Can Govt achieve its disinvestment target this year?
Government has set a disinvestment target of Rs 72,500 crore this financial year 2017-18.
- Union Finance Minister Arun Jaitley introduces Bharat 22
- Disinvestment target for 2017 - 18 set at Rs 72,500 crore
- Government achieved Rs 46,248 crore disinvestment in FY17
After missing disinvestment target for seven-consecutive years, looks like the Government of India is all set to leave no stones unturned in achieving the target for the fiscal year 2017-18 (FY18).
On August 04, 2017, the Union Finance Minister Arun Jaitley launched a new exchange traded fund (ETF) by the name of Bharat 22 in a move to boost its disinvestment target further.
Bharat 22 consists of 22 stocks which includes central public sector enterprises (CPSE), public sector banks and strategic holding of SUUTI. This results in more diversified portfolio of the PSU universe in comparison with the CPSE ETF which included only 10 larger PSUs.
The Bharat 22 Index will be re-balanced annually. ICICI Prudential AMC will be the ETF Manager and Asia Index Private Limited (JV BSE and S& P Global) will be the Index Provider.

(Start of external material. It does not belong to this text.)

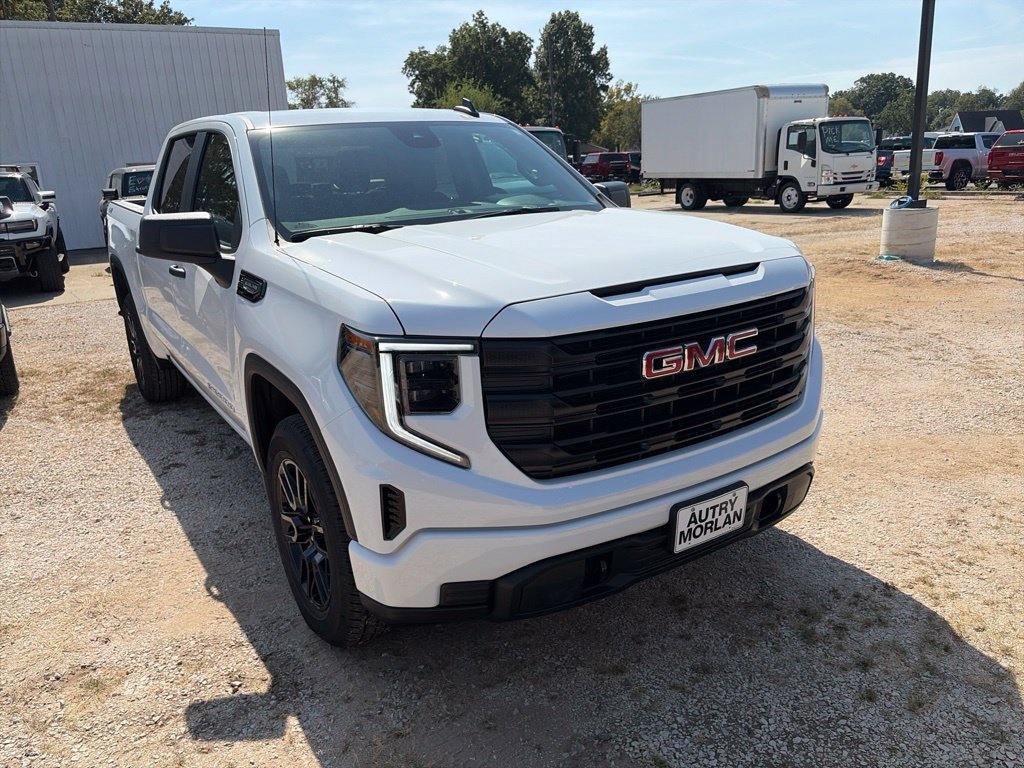 New 2026 GMC Sierra 1500 Pro w/ Graphite Edition AWD/4WD image 8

Also Bharat 22 will give an opportunity to government in not only selling stake in state-owned but also few private companies which are involved in SUUTI.
Here are the list of companies under Bharat 22 and their weightage.
Disinvestment move was introduced with an objective to lessen financial burden on the government by their stake sale in inefficient public sector undertakings (PSUs) and to improve public finances.
However, Government has failed to meet its disinvestment target for the past seven years.
Last time when disinvestment target was achieved in the year 2009 – 10, where target set was just Rs 1,120 crore.
While in the fiscal year 2016 – 17, government estimated to raise Rs 56,500 crore – of which Rs 36,000 crore from minority stake and Rs 20,500 crore from strategic stake sale.
However, this estimate was later in the budget announcement of February 2017, revised to Rs 45,500 crore. In FY17, the government achieved Rs 46,248 crore disinvestment.
Sanjeev Prasad, Suvodeep Rakshit , Sunita Baldawa and Anindya Bhowmik of Kotak Institutional Equities said that time, “Government had many options to raise larger amount from divestment of its stakes in state-owned companies, but has consistently fallen on meeting divestment targets given limited appetite among investors and low clarity on the divestment schedule.”
Despite missing its target, government surprised analysts in Budget 2017-18 by setting disinvestment target of Rs 72,500 crore – which involves Rs 46,500 crore via minority stake sale, Rs 15,000 crore through strategic stake sale and Rs 11,000 crore from listing of various insurance companies.
This was would be the highest ever target in over two decades. So far, the government has realized approx Rs 9,300 crore through nine disinvestment transactions.
The pace of disinvestment looks promising in this fiscal (FY18).
Apart from Bharat 22, the government approved listing of five state-owned general insurance companies -- New India Assurance, Oriental Insurance, National Insurance, United India Insurance and national reinsurer General Insurance Company.
Further, the department of investment and public asset management (DIPAM) which handles disinvestment of PSUs - through an advertisement invited bids from registrars in state-owned like Bharat Dynamics, Garden Reach Shipbuilders & Engineers, Mazgaon Dock Shipbuilders and Mishra Dhatu Nigam Ltd.
DIPAM plans to sell 25% stake each in the above mentioned companies. The bids are expected to be submitted by August 18, 2017.
Analysts believe that disinvestment targets is key if the government has to achieve this fiscal deficit target.
Venkataraman Rajaraman, Associate Director at India Ratings said, “Achieving 3.2% fiscal deficit target also depends on the government’s success in achieving the Rs 72,500 crore of disinvestment receipt in 2017-18."
Earlier a Niti Aayog report stated that there are identified 74 loss-making PSUs for closure or sell off.